White Shaker Syndrome In Dogs

White Shaker Syndrome is a disease that affects a dog's whole body. Also known as Idiopathic Cerebellitis, dogs with the disorder are seen to suffer from tremors which is bought on due to an inflammation in part of their brain responsible for coordination and muscle control. This causes dogs with the condition to lose control of their muscles which shake involuntarily, all of which can be very worrying for owners to have to witness.

Nobody actually knows why certain dogs suffer from this worrying condition although there is some indication that colour may have something to do with it. There is also speculation the condition may caused by a generalised neurotransmitter deficiency bought on by an autoimmune reaction.

However, dogs of any colour may suffer from the condition, although for some reason white dogs appear to be more predisposed to White Shaker Syndrome, hence the name. West Highlands white terriers and Maltese seem to be the two breeds that suffer from it the most with both dogs and bitches being affected whether they are young or middle-aged. With this said, other breeds like the Bichon Frise, Poodle, Beagle and Yorkshire terrier have also been seen to suffer with the condition.

The Symptoms to Watch Out For

  • Tremors and shaking  all over the dog's body
  • Rapid eye movement when dogs are overly excited
  • Symptoms may be confused for anxiety or hypothermia

The Causes of White Shaker Syndrome

It's not known what causes White Shaker Syndrome and it is classed as an idiopathic condition that is more often connected to diseases involving a dog's central nervous system in some mild way or another.

Diagnosing the Condition

If you are worried your dog may be suffering from White Shaker Syndrome, you would need to take them along to the vet as soon as you can. You would also need to take along as much of your dog's history as possible. This includes any physical conditions and behavioural traits that led up to the onset of the symptoms.
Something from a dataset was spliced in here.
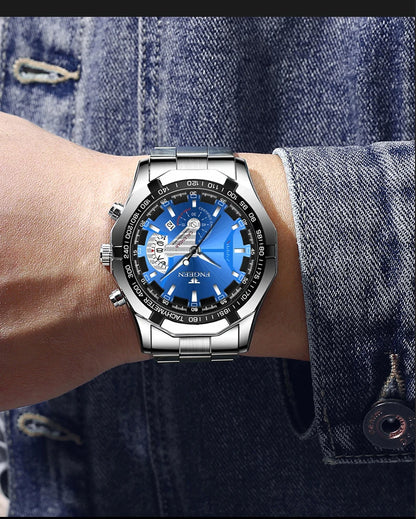 BINBOND Orginal Quartz Wristwatches For Men Luxury Luminous Waterproof Auto Date Men's Watch Stainless Steel Reloj Free Ship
Your vet will then perform a thorough examination of your dog which should include standard lab work like blood tests and a urinalysis as well as an electrolyte panel which will help rule out the possibility of any other diseases. Your vet may also want to take some fluid from your dog's spinal cord which is known as “cerebrospinal” fluid. This fluid will be sent for analysis to determine the condition of your dog's nervous system which allows for the elimination of any other causes too.

All these tests are carried as a process of elimination which allows a vet to determine whether the condition is being caused by other more common disorders, and as such, allows them to treat it appropriately. Other causes of the “shakes of tremors” could be due to a dog feeling anxiety or fear. The tremors could also be caused by your dog having suffered from a seizure or even hypothermia – when their body temperature falls too low and would require a very different form of treatment.

Treating the Condition

Treating White Shaker Syndrome depends very much on the severity of the tremors a dog may be experiencing as well as their overall condition. Your vet may want to keep your dog as an inpatient or may decide to treat them as an outpatient. However, if a dog is very sick due to the condition, or if your vet thinks there may be an underlying cause or even an infection going on, they will want to hospitalise your dog until their condition stabilises and your dog is more comfortable.

Treatment of neurological Shaker Syndrome involves the use of corticosteroids in order to reduce any inflammation. The majority of dogs get better within a week but some dogs never really recover entirely from the condition – although this is extremely rare. Over a period of a few months, the steroid medication will be reduced until your dog no longer needs to be given it. However, if any of the symptoms recur, then a steroid treatment will have to be started all over again and on the odd occasion, a dog may even have to remain on steroids for the rest of their lives in order to stay healthy and keep the tremors under control.

Living & Managing the Condition

Your vet will want to keep a close eye on your dog if they have suffered from White Shaker Syndrome and for the first month after they have received their initial treatment, will need to examine your dog on a weekly basis. As your dog's condition improves, these visits will be scheduled for once a month until the corticosteroid treatment can be stopped altogether. However, if any of the symptoms recur, your dog may have to undergo a second corticosteroid treatment. Your vet may recommend a dog is kept on the treatment for the rest of their lives.

Conclusion

White Shaker Syndrome normally develops suddenly and can affect dogs as young as 6 months old right up to those that have reached 3 years old. Symptoms become progressively worse over the course of 1 to 3 days with tremors being either quite mild or very severe which means a dog has real trouble walking. It is very important to keep a dog as quiet as possible when they show any signs of the condition because the tremors will get worse if your dog gets too excited. You have to take them to the vet as soon as you can so tests can be carried out for a correct diagnosis to be made. Treatment is very effective although some dogs may need to be medicated for the rest of their lives in order to control the tremors. White Shaker Syndrome is not a painful condition and your dog's personality will not be affected if they suffer from it.